Spaced Out Ace said:


> Fair enough. I was just pointing out there is a difference.



No there's really not. When you're working insane hours trying to get your own business off the ground the last thing you have time for is answering questions about something you did years ago for another company. Mike has been completely up front over and over again that he will not provide support for Randall products and if you have questions or need something for them to contact Randall. This includes numerous statements on social media about it. Not sure why people STILL don't understand it.



Trashgreen said:


> I pretty sure Mike designed the Satan 50 while he was still working with Randall, so this is not a relatively new design. I have no 100 procent confirmation though so please don't hang me up on this, if anyone knows please fill in. Other than that I think he is just verifying that it is his design properbly just to clarify before people ask millions of questions since we have not jet heard of any new amp designer since Mike left, now that Randall finally got their thing together and releasing it.
> 
> The Thrasher 50 was released doing 2015, Mike left by the end of 2015, so the Satan 50 may have been his last design for Randall planned for a 2016 release and then something went wrong back then, who knows?

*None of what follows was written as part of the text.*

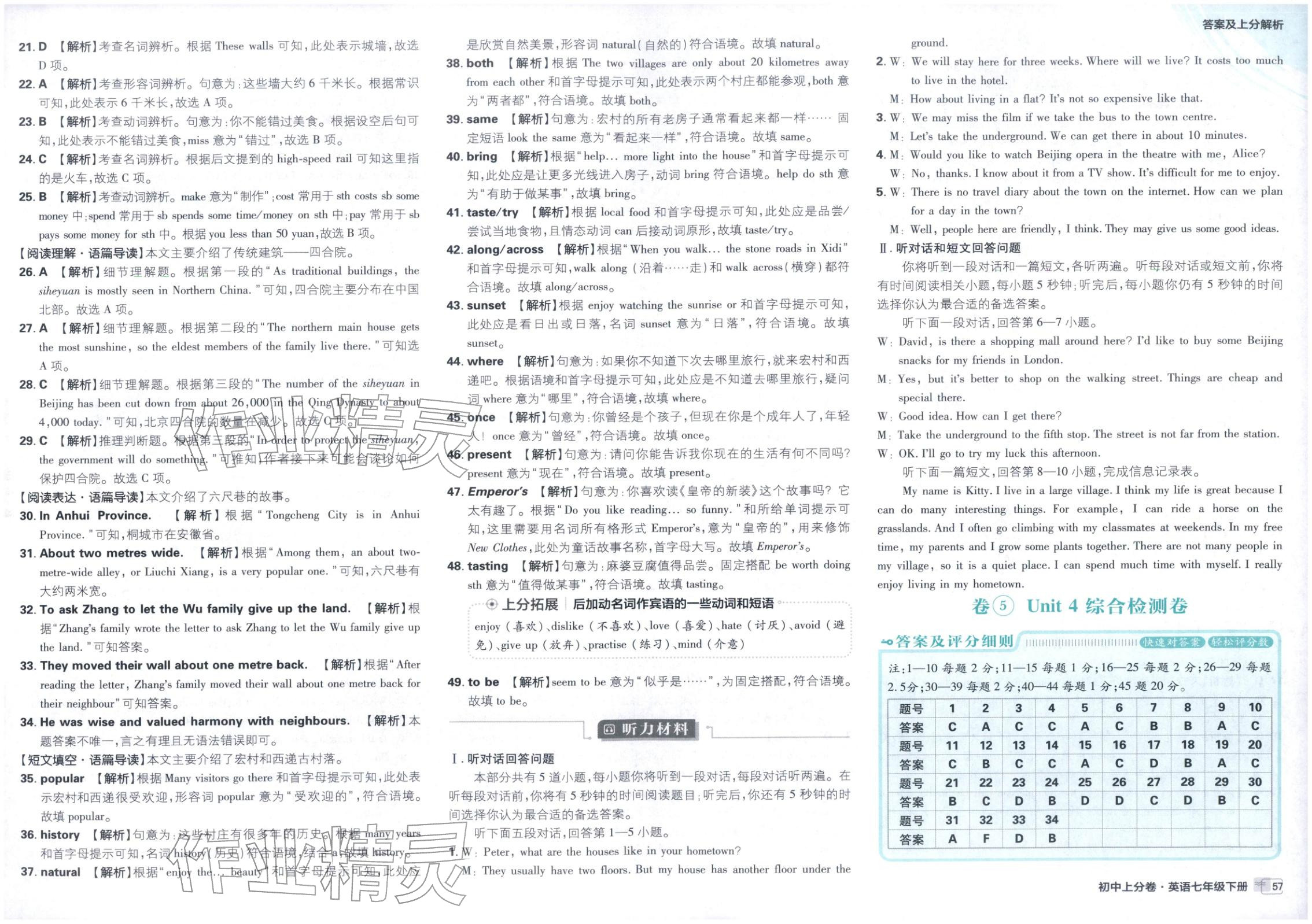 2026年初中上分卷单元诊断自查七年级英语下册人教版&nbsp;第7页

There was a comment that Mike had also done some more work on it recently as well... can't remember which post about the Satan 50 release but it was in one of the Facebook threads in the last couple of days.


----------



## MaxOfMetal (Jan 21, 2018)

No paycheck, no support. 

If you're good at what you do, which Mike is, don't ever work for free. Being a good sport doesn't feed your family. 

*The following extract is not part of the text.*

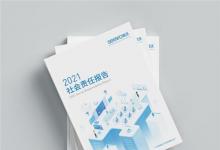 用數(shù)字化構(gòu)建美好教育，希沃發(fā)布2021年社會責(zé)任報(bào)告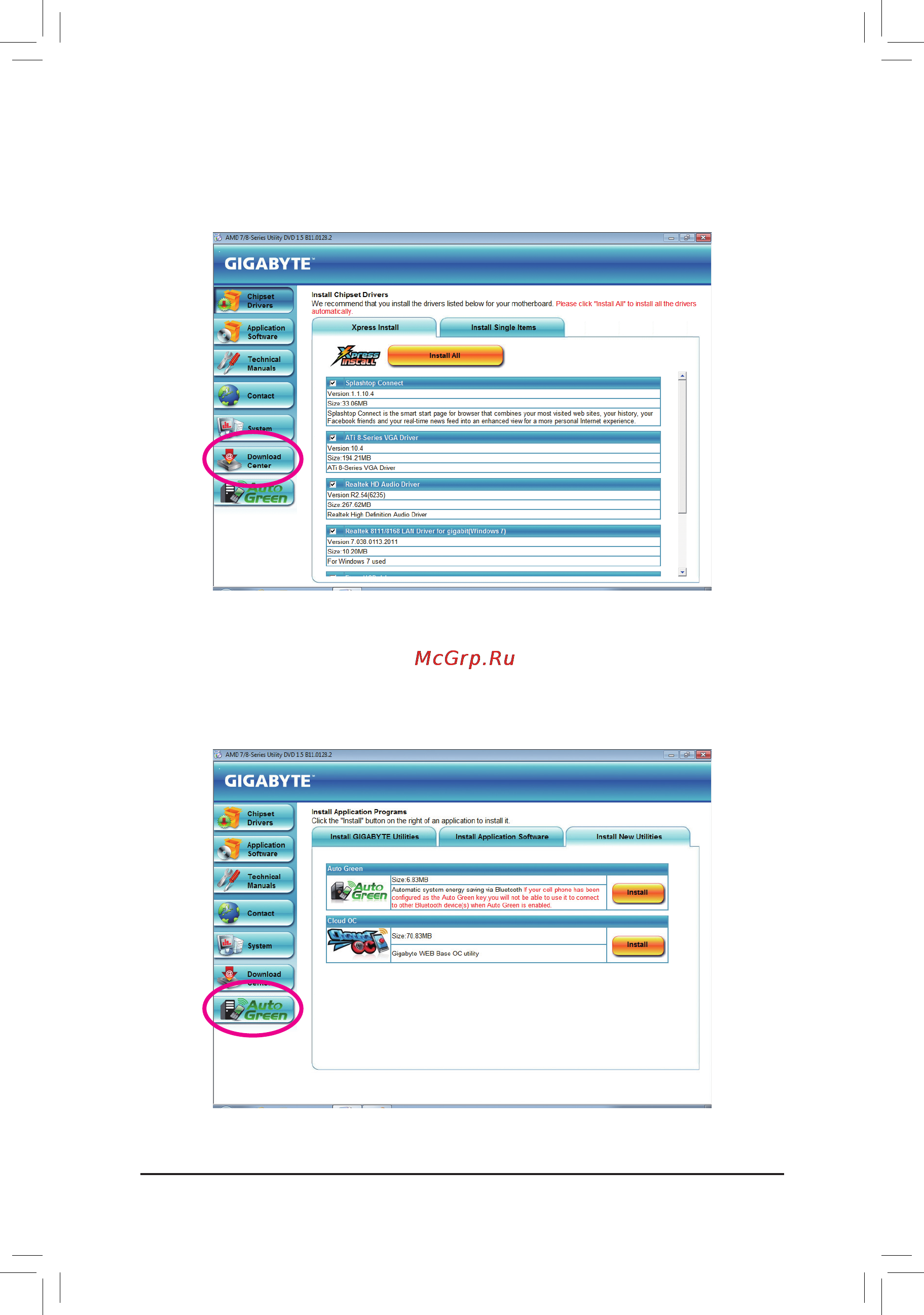 Gigabyte GA-880GM-D2H (rev.3.1) [58/96] 6 download center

Be mad at Randall, not only couldn't they answer the question in a reasonable time frame they _chose_ not to retain the fella that could.


----------



## technomancer (Jan 21, 2018)

MaxOfMetal said:


> No paycheck, no support.
> 
> If you're good at what you do, which Mike is, don't ever work for free. Being a good sport doesn't feed your family.
> 
> Be mad at Randall, not only couldn't they answer the question in a reasonable time frame they _chose_ not to retain the fella that could.



Nailed it in one. 

Most people that get bent out of shape on stuff like this also don't get that you take their "one simple question" and multiply it by hundreds of other guys with a simple question and it turns into a major time sink.


----------



## MaxOfMetal (Jan 21, 2018)

It also shows a major lack of respect. 

Someone's time is valuable, and in this case so is thier knowledge, but by all means feel like you deserve both for nothing.


----------



## cwhitey2 (Jan 21, 2018)

I'm set on amps but God damn do I have a soft spot for Randalls.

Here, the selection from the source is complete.